● **Exercise instructions**
Please write out the data below once more, exactly as it stands.
....
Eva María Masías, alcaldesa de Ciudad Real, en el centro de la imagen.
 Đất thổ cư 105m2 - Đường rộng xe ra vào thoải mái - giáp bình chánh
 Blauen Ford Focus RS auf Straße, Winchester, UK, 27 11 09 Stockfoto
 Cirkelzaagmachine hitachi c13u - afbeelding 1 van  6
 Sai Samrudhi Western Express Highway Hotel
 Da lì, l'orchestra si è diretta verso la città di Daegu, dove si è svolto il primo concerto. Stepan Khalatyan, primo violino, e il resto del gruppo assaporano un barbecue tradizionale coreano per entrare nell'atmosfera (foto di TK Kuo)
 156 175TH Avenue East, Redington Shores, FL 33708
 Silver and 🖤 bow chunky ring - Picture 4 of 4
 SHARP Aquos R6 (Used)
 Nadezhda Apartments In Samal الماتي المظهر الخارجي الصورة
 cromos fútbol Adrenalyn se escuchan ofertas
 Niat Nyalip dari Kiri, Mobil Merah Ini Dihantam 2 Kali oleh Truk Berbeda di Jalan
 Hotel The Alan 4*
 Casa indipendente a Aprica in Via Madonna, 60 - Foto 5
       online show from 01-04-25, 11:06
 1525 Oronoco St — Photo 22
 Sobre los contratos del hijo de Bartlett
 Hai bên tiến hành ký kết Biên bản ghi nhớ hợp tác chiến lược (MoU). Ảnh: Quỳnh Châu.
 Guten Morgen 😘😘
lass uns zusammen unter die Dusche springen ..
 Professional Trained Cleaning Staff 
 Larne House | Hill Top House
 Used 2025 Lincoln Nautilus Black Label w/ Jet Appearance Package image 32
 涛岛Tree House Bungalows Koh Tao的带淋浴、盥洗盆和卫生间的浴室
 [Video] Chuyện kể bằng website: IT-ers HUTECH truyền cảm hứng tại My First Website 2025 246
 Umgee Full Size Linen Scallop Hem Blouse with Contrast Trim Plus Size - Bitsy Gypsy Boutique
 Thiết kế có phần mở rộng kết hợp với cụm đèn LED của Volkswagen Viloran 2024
....
● **Exercise output**
Eva María Masías, alcaldesa de Ciudad Real, en el centro de la imagen.
 Đất thổ cư 105m2 - Đường rộng xe ra vào thoải mái - giáp bình chánh
 Blauen Ford Focus RS auf Straße, Winchester, UK, 27 11 09 Stockfoto
 Cirkelzaagmachine hitachi c13u - afbeelding 1 van  6
 Sai Samrudhi Western Express Highway Hotel
 Da lì, l'orchestra si è diretta verso la città di Daegu, dove si è svolto il primo concerto. Stepan Khalatyan, primo violino, e il resto del gruppo assaporano un barbecue tradizionale coreano per entrare nell'atmosfera (foto di TK Kuo)
 156 175TH Avenue East, Redington Shores, FL 33708
 Silver and 🖤 bow chunky ring - Picture 4 of 4
 SHARP Aquos R6 (Used)
 Nadezhda Apartments In Samal الماتي المظهر الخارجي الصورة
 cromos fútbol Adrenalyn se escuchan ofertas
 Niat Nyalip dari Kiri, Mobil Merah Ini Dihantam 2 Kali oleh Truk Berbeda di Jalan
 Hotel The Alan 4*
 Casa indipendente a Aprica in Via Madonna, 60 - Foto 5
       online show from 01-04-25, 11:06
 1525 Oronoco St — Photo 22
 Sobre los contratos del hijo de Bartlett
 Hai bên tiến hành ký kết Biên bản ghi nhớ hợp tác chiến lược (MoU). Ảnh: Quỳnh Châu.
 Guten Morgen 😘😘
lass uns zusammen unter die Dusche springen ..
 Professional Trained Cleaning Staff 
 Larne House | Hill Top House
 Used 2025 Lincoln Nautilus Black Label w/ Jet Appearance Package image 32
 涛岛Tree House Bungalows Koh Tao的带淋浴、盥洗盆和卫生间的浴室
 [Video] Chuyện kể bằng website: IT-ers HUTECH truyền cảm hứng tại My First Website 2025 246
 Umgee Full Size Linen Scallop Hem Blouse with Contrast Trim Plus Size - Bitsy Gypsy Boutique
 Thiết kế có phần mở rộng kết hợp với cụm đèn LED của Volkswagen Viloran 2024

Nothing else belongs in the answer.